Aux termes de l’article L. 612-6 du code de l’entrée et du séjour des étrangers et du droit d’asile : « Lorsqu'aucun délai de départ volontaire n'a été accordé à l'étranger, l'autorité administrative assortit la décision portant obligation de quitter le territoire français d'une interdiction de retour sur le territoire français. Des circonstances humanitaires peuvent toutefois justifier que l'autorité administrative n'édicte pas d'interdiction de retour. / Les effets de cette interdiction cessent à l'expiration d'une durée, fixée par l'autorité administrative, qui ne peut excéder cinq ans à compter de l'exécution de l'obligation de quitter le territoire français, et dix ans en cas de menace grave pour l'ordre public ». Aux termes de l’article L. 612-10 de ce code : « Pour fixer la durée des interdictions de retour mentionnées aux articles L. 612-6 (…), l'autorité administrative tient compte de la durée de présence de l'étranger sur le territoire français, de la nature et de l'ancienneté de ses liens avec la France, de la circonstance qu'il a déjà fait l'objet ou non d'une mesure d'éloignement et de la menace pour l'ordre public que représente sa présence sur le territoire français ».

En premier lieu, il ne ressort pas des pièces du dossier ni des termes mêmes de l’arrêté attaqué, qui font état d’éléments de fait propres à la situation de l’intéressé, que le préfet n’aurait pas procédé, ainsi qu’il y était tenu, à l’examen particulier de la situation de l’intéressé.
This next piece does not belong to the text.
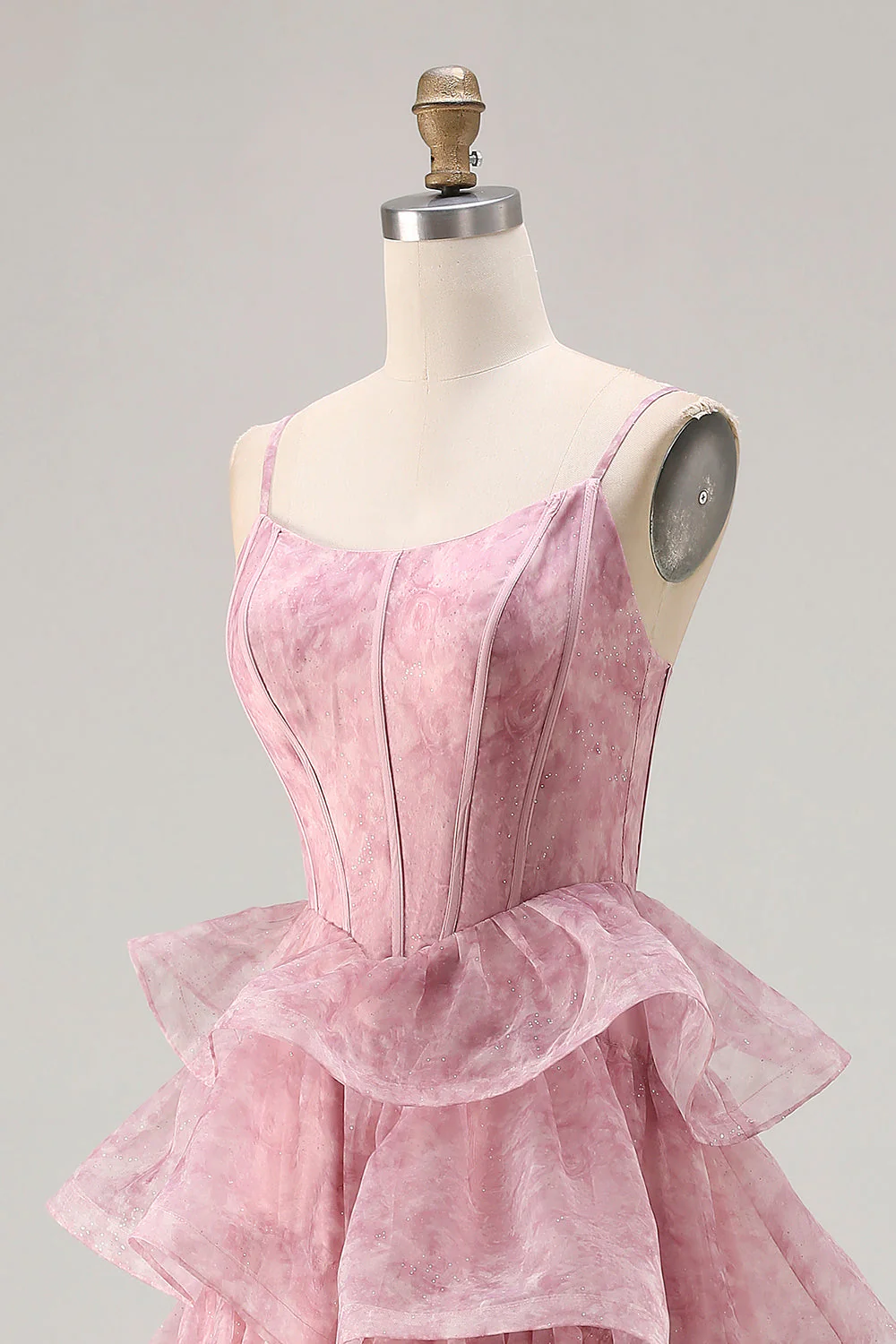 Dusty Rose Floral A Line Gorset z poziomowymi falbanami i długą sukienią na studniówkę z rozcięciem - Image 6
Le requérant n’est donc pas fondé à soutenir que l’arrêté en litige, en tant qu’il porte interdiction de retour, serait entaché d’illégalité, faute d’avoir été précédé d’un examen particulier de l’affaire.

En deuxième lieu, lorsqu’il est saisi d’un moyen le conduisant à apprécier les conséquences d’une mesure d’interdiction de retour sur la situation personnelle de l’étranger et que sont invoquées des circonstances étrangères aux quatre critères posés par l’article L. 612-10 du code de l’entrée et du séjour des étrangers et du droit d’asile, il incombe seulement au juge de l’excès de pouvoir de s’assurer que l’autorité compétente n’a pas commis d’erreur manifeste d’appréciation.

Le requérant n’établit pas que l’édiction d’une interdiction de retour à son encontre emporterait des conséquences manifestement disproportionnées sur sa situation personnelle, alors, au demeurant, que sa présence en France constitue une menace pour l’ordre public et qu’il a déjà fait l’objet de deux mesures d’éloignement précédemment édictées en 2016 et 2018. Le moyen tiré de l’erreur manifeste d’appréciation doit donc être écarté.

En troisième lieu, eu égard à ce qui a été dit aux points 8 et 15, la décision d’interdiction de retour ne méconnaît pas les stipulations de l’article 8 de la convention européenne de sauvegarde des droits de l’homme et des libertés fondamentales.

Il résulte de toute ce qui précède que les conclusions à fin d’annulation de la requête de M. C... doivent être rejetées.

Sur les conclusions à fin d’injonction :

Le présent jugement, lequel rejette les conclusions à fin d’annulation, n’implique aucune mesure d’exécution. Par suite, les conclusions à fin d’injonction, sous astreinte, présentées par le requérant doivent être rejetées.



Sur les frais de l’instance :

En vertu des dispositions de l’article L. 761-1 du code de justice administrative, le tribunal ne peut pas faire bénéficier la partie perdante du paiement par l’autre partie des frais qu’elle a exposés à l’occasion du litige soumis au juge. Dès lors, les conclusions présentées à ce titre par le requérant doivent être rejetées.


D E C I D E


Article 1er : M. C... est admis, à titre provisoire, au bénéfice de l’aide juridictionnelle.

Article 2 : La requête de M. C... est rejetée.

Article 3 : Le présent jugement sera notifié à M. A... C..., à Me Aprile et au préfet de Seine-et-Marne.

Rendu public par mise à disposition au greffe le 1er septembre 2025.


Le magistrat désigné,


Signé


L. Breuille Le greffier,


Signé


F. De Thezillat
La République mande et ordonne au préfet de Seine-et-Marne en ce qui le concerne et à tous commissaires de justice à ce requis en ce qui concerne les voies de droit commun, contre les parties privées, de pourvoir à l’exécution de la présente décision.